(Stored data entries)
####################
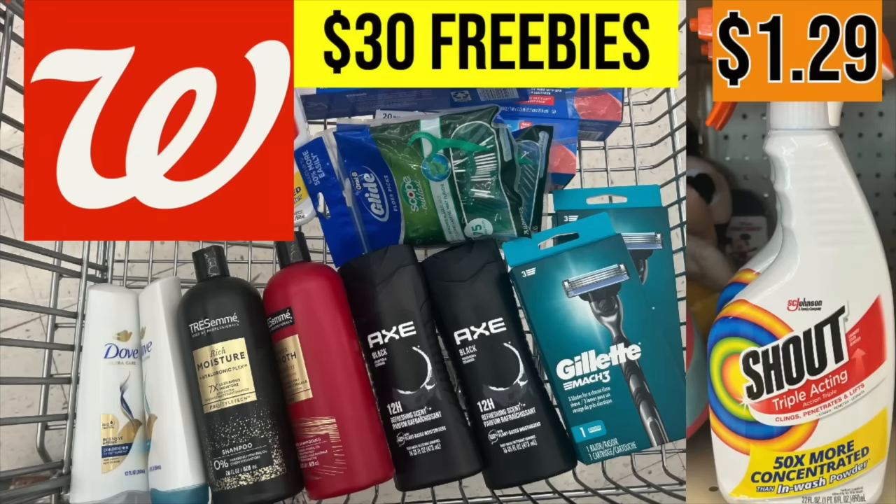Hey friends, Running Kimono here. I hope you're all doing fantastic. We have a really great Walgreens haul — I got my $30 basket for free, which is fantastic. A lot of the summer and back-to-school stuff is 50% off, and I got my Shout for $1.29 this morning, which is fantastic because that's an item you usually don't get on the cheap.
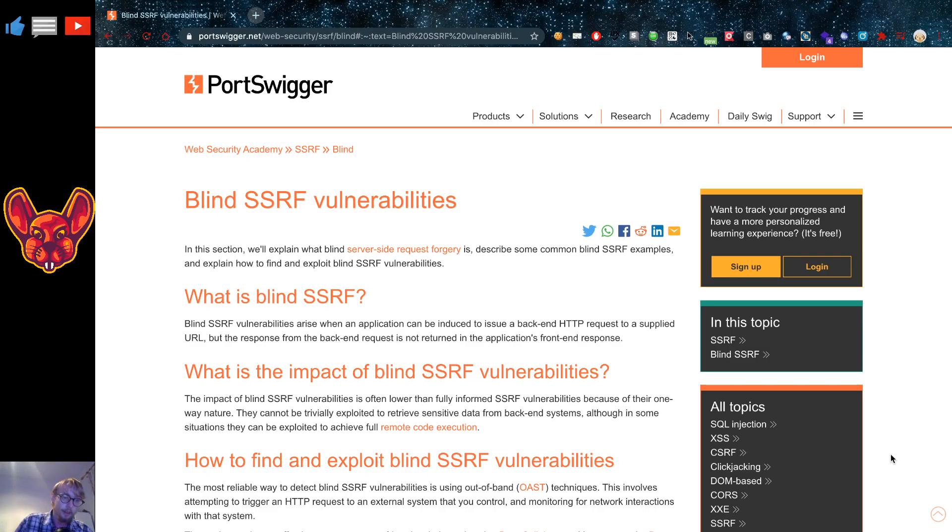Now what is blind SSRF? You have your normal SSRF vulnerabilities, which are somewhat more impactful because they actually return some value and give you feedback on the things you're trying to do. Blind SSRF is when you don't get any feedback in the UI at all.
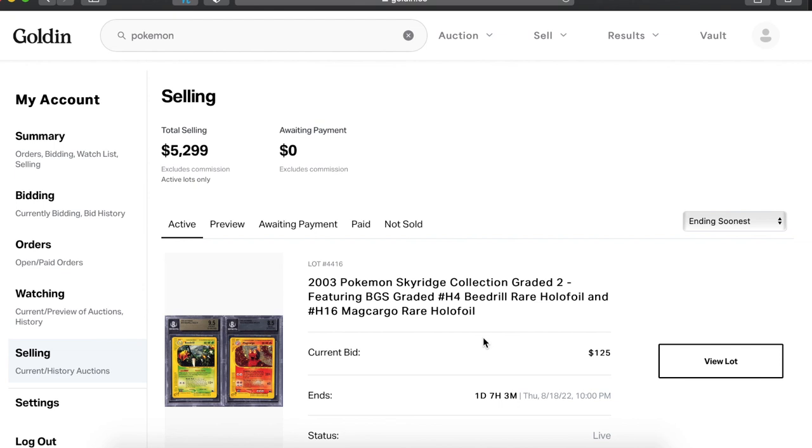We're at $5,299 right now with one day, seven hours, and three minutes left — so that ends tomorrow. I'll put a link in the description to this auction if you want to check it out. I hope everything is great with y'all out there in the streets, my peeps. As always, until next time.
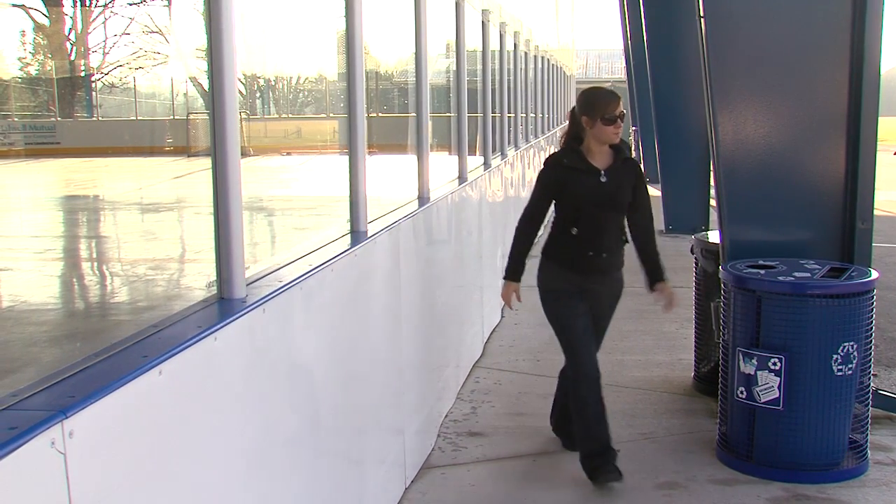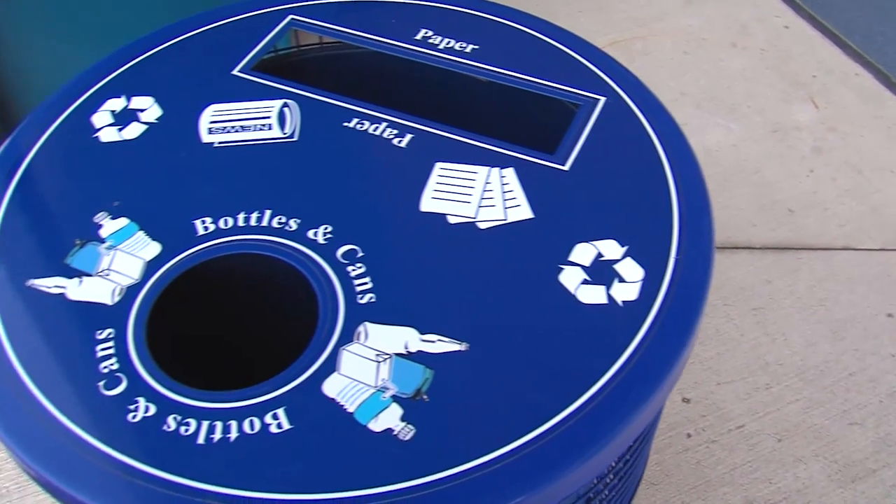So the next time you recycle your PET bottle, know you're making a smart choice for the environment.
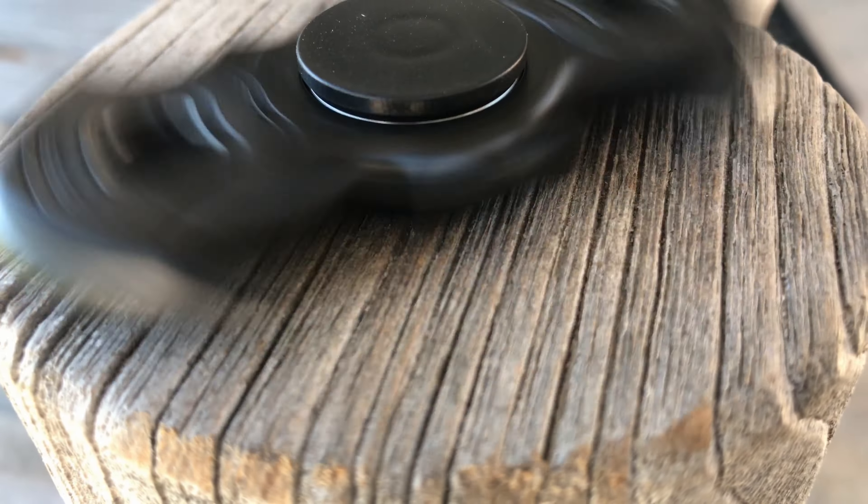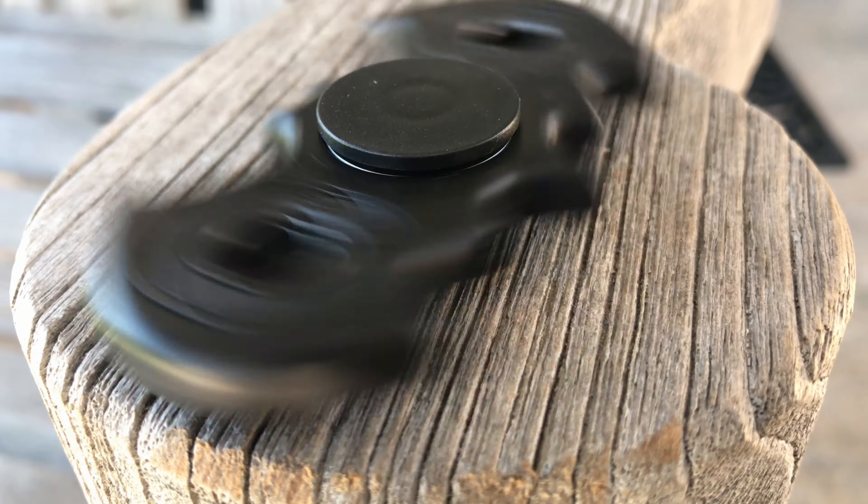Today we're taking a look at something you've probably already seen and probably already even have — fidget spinners. These have become really popular recently for reasons unknown to me. Like one day everything was normal, and then the next day I showed up to school and every single person had one. Every single period some dude just going around with this spinny thing in the back of the class.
####################
TASK TO COMPLETE: Start with the line holding "Now what is" and repeat exactly every line through the final line of the records above, but no pictures and nothing more.

ANSWER FOR THE TASK:
Now what is blind SSRF? You have your normal SSRF vulnerabilities, which are somewhat more impactful because they actually return some value and give you feedback on the things you're trying to do. Blind SSRF is when you don't get any feedback in the UI at all.
We're at $5,299 right now with one day, seven hours, and three minutes left — so that ends tomorrow. I'll put a link in the description to this auction if you want to check it out. I hope everything is great with y'all out there in the streets, my peeps. As always, until next time.
So the next time you recycle your PET bottle, know you're making a smart choice for the environment.
Today we're taking a look at something you've probably already seen and probably already even have — fidget spinners. These have become really popular recently for reasons unknown to me. Like one day everything was normal, and then the next day I showed up to school and every single person had one. Every single period some dude just going around with this spinny thing in the back of the class.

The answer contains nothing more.